#21--69 Things I've Learned--Just a few minutes can determine how you're known to the world
August 31, 2015
I wonder how my life would have been different if I had been born about 15 minutes earlier on August 30, 1946 instead of just after midnight on August 31. My dad wanted me to be named after his dad, Durward Dale Thorp. That would have given me the initials DDT.
However, my mother waited to deliver me until a few minutes after midnight on my Uncle Wes Moll's birthday. That changed the course of my personal history.
I'm thinking of this today, my 69th birthday and about what I've learned in a whole bunch of life.

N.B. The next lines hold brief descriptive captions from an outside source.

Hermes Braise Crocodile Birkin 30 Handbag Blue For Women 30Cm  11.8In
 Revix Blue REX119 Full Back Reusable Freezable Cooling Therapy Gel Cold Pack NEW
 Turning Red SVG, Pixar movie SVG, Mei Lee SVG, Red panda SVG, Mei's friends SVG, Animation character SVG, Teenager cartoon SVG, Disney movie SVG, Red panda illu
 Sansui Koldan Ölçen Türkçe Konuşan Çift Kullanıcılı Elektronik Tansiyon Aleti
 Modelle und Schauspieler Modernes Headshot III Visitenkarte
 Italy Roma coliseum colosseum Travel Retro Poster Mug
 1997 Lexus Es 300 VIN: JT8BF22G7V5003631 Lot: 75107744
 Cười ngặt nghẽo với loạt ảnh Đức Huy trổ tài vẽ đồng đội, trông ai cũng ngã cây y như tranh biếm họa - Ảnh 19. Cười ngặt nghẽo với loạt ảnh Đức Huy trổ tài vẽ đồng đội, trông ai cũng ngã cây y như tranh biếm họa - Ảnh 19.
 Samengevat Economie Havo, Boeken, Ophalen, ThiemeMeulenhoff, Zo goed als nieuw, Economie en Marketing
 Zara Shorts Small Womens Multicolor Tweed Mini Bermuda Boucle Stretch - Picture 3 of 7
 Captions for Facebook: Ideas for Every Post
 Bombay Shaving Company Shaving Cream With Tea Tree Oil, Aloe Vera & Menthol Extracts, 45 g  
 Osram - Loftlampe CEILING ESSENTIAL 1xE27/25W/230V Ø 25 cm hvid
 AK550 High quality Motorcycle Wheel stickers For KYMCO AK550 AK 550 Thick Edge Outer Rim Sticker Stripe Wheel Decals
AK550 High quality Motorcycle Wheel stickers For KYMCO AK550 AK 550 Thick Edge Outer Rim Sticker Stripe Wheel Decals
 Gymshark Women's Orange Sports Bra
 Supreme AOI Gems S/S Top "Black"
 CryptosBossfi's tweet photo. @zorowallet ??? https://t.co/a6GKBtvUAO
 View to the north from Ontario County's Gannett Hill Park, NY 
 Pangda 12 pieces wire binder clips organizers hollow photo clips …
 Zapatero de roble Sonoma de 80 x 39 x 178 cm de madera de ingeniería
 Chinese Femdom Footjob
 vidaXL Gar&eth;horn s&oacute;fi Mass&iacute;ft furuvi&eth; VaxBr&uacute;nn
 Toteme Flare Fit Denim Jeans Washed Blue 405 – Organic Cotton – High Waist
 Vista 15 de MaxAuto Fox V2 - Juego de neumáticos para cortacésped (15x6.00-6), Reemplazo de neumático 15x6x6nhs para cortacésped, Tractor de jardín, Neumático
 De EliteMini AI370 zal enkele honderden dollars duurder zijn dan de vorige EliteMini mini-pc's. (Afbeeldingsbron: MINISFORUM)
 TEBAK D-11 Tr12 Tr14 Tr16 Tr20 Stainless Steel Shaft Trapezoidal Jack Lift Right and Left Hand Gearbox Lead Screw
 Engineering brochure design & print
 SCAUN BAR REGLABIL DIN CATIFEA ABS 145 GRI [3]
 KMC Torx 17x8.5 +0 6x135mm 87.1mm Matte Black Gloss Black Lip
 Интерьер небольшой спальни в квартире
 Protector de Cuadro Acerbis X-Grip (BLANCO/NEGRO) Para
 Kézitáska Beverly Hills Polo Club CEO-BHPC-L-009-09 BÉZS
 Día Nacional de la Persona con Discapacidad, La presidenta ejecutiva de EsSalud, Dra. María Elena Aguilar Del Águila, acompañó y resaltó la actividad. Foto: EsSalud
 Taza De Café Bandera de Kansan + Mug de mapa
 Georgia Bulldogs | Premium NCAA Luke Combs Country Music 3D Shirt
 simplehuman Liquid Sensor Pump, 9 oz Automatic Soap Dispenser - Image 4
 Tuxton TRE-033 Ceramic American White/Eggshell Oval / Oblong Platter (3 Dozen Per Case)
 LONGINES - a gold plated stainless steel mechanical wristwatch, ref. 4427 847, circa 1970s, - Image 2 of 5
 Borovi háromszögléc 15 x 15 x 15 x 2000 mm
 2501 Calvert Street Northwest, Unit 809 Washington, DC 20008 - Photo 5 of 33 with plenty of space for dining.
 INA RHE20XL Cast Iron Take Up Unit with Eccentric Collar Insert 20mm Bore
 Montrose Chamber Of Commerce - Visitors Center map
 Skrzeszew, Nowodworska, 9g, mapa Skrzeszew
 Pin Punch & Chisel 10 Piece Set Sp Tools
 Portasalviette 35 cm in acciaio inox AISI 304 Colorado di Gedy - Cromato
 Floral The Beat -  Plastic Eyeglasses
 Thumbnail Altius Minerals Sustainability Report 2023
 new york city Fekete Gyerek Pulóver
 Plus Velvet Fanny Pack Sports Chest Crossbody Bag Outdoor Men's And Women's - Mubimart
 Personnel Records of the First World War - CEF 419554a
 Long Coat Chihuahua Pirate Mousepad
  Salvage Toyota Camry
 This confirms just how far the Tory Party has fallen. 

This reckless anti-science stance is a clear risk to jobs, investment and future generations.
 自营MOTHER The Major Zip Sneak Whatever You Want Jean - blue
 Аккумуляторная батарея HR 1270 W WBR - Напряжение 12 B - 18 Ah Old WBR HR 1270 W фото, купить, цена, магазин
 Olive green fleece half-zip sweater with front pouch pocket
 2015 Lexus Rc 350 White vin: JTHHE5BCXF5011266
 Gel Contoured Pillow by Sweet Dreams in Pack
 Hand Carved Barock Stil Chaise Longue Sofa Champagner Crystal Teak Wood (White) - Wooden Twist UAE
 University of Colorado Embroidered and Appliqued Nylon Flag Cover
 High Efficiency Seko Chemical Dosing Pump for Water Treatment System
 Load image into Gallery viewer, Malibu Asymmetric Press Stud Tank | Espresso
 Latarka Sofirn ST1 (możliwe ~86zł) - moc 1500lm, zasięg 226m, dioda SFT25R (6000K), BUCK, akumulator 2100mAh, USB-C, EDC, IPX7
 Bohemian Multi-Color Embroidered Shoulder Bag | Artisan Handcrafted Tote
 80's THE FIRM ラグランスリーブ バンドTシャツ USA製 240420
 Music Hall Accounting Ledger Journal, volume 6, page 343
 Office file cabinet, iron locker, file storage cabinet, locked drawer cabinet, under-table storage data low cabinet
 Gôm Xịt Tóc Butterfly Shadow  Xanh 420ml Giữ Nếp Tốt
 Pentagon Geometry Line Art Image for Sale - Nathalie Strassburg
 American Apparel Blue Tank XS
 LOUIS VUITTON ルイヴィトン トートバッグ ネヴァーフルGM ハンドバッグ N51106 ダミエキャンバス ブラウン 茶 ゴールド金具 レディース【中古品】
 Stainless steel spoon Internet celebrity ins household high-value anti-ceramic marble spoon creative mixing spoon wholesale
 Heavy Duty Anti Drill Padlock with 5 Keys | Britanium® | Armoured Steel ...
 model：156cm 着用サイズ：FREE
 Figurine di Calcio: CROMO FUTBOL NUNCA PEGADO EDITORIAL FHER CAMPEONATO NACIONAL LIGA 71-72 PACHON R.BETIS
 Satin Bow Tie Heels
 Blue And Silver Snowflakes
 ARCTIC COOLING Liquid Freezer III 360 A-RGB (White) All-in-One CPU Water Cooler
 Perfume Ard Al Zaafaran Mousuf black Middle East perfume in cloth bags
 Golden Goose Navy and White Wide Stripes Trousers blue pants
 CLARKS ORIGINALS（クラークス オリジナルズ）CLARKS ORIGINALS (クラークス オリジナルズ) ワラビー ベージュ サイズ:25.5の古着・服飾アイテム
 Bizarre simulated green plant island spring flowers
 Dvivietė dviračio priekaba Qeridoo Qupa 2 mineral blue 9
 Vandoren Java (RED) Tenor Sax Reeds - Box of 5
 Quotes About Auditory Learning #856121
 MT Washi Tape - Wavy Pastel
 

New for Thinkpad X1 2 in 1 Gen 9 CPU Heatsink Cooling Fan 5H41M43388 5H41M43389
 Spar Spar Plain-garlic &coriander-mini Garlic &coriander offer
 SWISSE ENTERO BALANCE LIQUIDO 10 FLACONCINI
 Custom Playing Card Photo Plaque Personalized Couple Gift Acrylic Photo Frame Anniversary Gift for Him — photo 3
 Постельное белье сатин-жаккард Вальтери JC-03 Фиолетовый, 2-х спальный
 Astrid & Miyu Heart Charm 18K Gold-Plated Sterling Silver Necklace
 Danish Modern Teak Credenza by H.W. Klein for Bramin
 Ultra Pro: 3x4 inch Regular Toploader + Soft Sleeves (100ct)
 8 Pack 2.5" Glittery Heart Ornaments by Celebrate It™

My Uncle Wes was a man with a story. He and my mother, along with 10 brothers and sisters grew up on a sugar beet farm in Michigan's Thumb in the early 1900s. He grew up loving anything with an engine. Part of the family legend was that Uncle Wes drove booze across the Detroit River for the infamous Purple Gang because of their hot vehicles. They had big engines and they could go fast.
He loved the roar of a finely-tuned engine. Even after a heart attack, his eyes would light up when he heard some kid hot-rodding it down the street in his subdivision.
I'm really happy that my mom waited 10 minutes to have me. I'm happy being named after Uncle Wes. However, I wish I knew more about Grandpa Durward.